A Musical Gem in the Heart of the City
As so many clubs closed for good during and post the Covid 19 pandemic, the Biltmore Theatre, in contrast, opened. The 536-capacity club at 39 King St. East in downtown Oshawa continues to thrive
with a litany of sold-out shows, among them David Wilcox, Big Wreck, Kim Mitchell, Crown Lands, The Trews, Matthew Good, illScarlett, Sloan, and Sean McCann. The club has a seated capacity of 260.
Before we get to the history and unique decor of the theatre, one should note the one thing that really matters in a live venue is the quality of the sound, and let me tell you, the sound at the Biltmore Theatre lives up to the billing.

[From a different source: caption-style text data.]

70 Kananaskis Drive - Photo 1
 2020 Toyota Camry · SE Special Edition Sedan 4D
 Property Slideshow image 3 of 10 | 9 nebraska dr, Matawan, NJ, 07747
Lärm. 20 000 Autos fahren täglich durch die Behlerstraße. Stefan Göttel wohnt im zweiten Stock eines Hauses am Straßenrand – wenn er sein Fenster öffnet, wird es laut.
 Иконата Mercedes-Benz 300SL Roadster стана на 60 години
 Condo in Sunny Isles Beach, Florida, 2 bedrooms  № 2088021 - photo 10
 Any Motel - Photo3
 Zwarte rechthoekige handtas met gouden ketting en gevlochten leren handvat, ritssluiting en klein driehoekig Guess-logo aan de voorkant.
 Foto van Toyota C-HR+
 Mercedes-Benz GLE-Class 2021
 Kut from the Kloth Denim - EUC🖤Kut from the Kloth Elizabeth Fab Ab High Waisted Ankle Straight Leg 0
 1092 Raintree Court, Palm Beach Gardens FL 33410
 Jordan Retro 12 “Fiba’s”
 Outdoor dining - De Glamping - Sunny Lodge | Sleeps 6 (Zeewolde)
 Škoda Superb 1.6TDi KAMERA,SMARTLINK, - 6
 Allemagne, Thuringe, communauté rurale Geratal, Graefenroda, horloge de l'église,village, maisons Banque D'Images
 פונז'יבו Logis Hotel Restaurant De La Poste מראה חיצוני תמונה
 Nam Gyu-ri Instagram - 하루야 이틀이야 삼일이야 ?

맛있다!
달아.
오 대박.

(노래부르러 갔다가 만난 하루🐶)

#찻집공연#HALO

General Manager, Jacob Haymada, no stranger to a soundboard, says they shopped locally for their front-of-house speakers.
“We use an Adamson PA, which is manufactured in Port Perry, for our front-of-house speakers, but the
rest of our audio, lighting and video system are all different brands and makes to meet national touring standards,” he says.
And now to the decor, which is what makes the place such a gem. If I may editorialize here, literally everyone I have ever been with at the Biltmore comments favourably on the stunning statuary, including two massive gold urns on each side of the stage, side lamps, chandeliers, seating, and layout. And all of it is offset by Garnet Red Austrian floor-to-ceiling drapes. It is such a plush environment within which to experience music.
There are two VIP wings on the tiered mezzanine level with a bar at the back wall, all offering sightlines on the stage. It is up here where the Biltmore becomes a time machine bringing one sideways to a place one imagines Lee Hazelwood and Nancy Sinatra or Kenny Rogers’ ‘The Gambler’ to be right at home sitting at the round tables jawing. The triangular bar is one of the best bars to sit at, it has a hotel bar feel, and there is even a piano to lounge over.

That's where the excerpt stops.